Try it:
Give the data again, word for word.

----- Information given -----

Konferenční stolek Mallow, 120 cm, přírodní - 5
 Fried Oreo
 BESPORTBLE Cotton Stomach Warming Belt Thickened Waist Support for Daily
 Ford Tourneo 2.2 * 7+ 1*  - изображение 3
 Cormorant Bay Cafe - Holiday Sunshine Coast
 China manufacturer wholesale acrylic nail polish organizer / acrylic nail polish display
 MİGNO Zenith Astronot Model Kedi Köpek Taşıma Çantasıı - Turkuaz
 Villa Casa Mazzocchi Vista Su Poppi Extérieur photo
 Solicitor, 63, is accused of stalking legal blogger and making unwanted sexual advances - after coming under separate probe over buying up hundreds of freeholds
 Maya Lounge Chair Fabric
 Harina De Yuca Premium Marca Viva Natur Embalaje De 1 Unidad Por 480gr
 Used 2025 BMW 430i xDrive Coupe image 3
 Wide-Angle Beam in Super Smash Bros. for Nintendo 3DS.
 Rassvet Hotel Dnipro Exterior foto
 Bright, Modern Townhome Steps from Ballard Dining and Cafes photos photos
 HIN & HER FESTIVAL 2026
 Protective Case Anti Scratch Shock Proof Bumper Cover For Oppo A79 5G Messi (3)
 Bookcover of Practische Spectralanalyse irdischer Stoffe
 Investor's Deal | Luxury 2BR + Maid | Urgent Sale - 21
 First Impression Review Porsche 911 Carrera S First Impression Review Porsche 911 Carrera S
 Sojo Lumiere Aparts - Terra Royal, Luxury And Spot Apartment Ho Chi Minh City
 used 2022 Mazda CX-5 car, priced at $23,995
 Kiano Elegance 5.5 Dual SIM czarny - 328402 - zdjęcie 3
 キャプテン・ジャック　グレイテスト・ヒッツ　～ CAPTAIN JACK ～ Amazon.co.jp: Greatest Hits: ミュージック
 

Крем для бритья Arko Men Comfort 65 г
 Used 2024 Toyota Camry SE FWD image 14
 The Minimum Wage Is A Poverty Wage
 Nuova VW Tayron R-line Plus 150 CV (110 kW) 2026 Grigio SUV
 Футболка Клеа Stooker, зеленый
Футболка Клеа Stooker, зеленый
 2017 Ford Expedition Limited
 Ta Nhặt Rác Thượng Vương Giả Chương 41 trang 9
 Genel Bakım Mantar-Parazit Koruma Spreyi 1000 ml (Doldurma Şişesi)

-----

Solution for this problem:
Konferenční stolek Mallow, 120 cm, přírodní - 5
 Fried Oreo
 BESPORTBLE Cotton Stomach Warming Belt Thickened Waist Support for Daily
 Ford Tourneo 2.2 * 7+ 1*  - изображение 3
 Cormorant Bay Cafe - Holiday Sunshine Coast
 China manufacturer wholesale acrylic nail polish organizer / acrylic nail polish display
 MİGNO Zenith Astronot Model Kedi Köpek Taşıma Çantasıı - Turkuaz
 Villa Casa Mazzocchi Vista Su Poppi Extérieur photo
 Solicitor, 63, is accused of stalking legal blogger and making unwanted sexual advances - after coming under separate probe over buying up hundreds of freeholds
 Maya Lounge Chair Fabric
 Harina De Yuca Premium Marca Viva Natur Embalaje De 1 Unidad Por 480gr
 Used 2025 BMW 430i xDrive Coupe image 3
 Wide-Angle Beam in Super Smash Bros. for Nintendo 3DS.
 Rassvet Hotel Dnipro Exterior foto
 Bright, Modern Townhome Steps from Ballard Dining and Cafes photos photos
 HIN & HER FESTIVAL 2026
 Protective Case Anti Scratch Shock Proof Bumper Cover For Oppo A79 5G Messi (3)
 Bookcover of Practische Spectralanalyse irdischer Stoffe
 Investor's Deal | Luxury 2BR + Maid | Urgent Sale - 21
 First Impression Review Porsche 911 Carrera S First Impression Review Porsche 911 Carrera S
 Sojo Lumiere Aparts - Terra Royal, Luxury And Spot Apartment Ho Chi Minh City
 used 2022 Mazda CX-5 car, priced at $23,995
 Kiano Elegance 5.5 Dual SIM czarny - 328402 - zdjęcie 3
 キャプテン・ジャック　グレイテスト・ヒッツ　～ CAPTAIN JACK ～ Amazon.co.jp: Greatest Hits: ミュージック
 

Крем для бритья Arko Men Comfort 65 г
 Used 2024 Toyota Camry SE FWD image 14
 The Minimum Wage Is A Poverty Wage
 Nuova VW Tayron R-line Plus 150 CV (110 kW) 2026 Grigio SUV
 Футболка Клеа Stooker, зеленый
Футболка Клеа Stooker, зеленый
 2017 Ford Expedition Limited
 Ta Nhặt Rác Thượng Vương Giả Chương 41 trang 9
 Genel Bakım Mantar-Parazit Koruma Spreyi 1000 ml (Doldurma Şişesi)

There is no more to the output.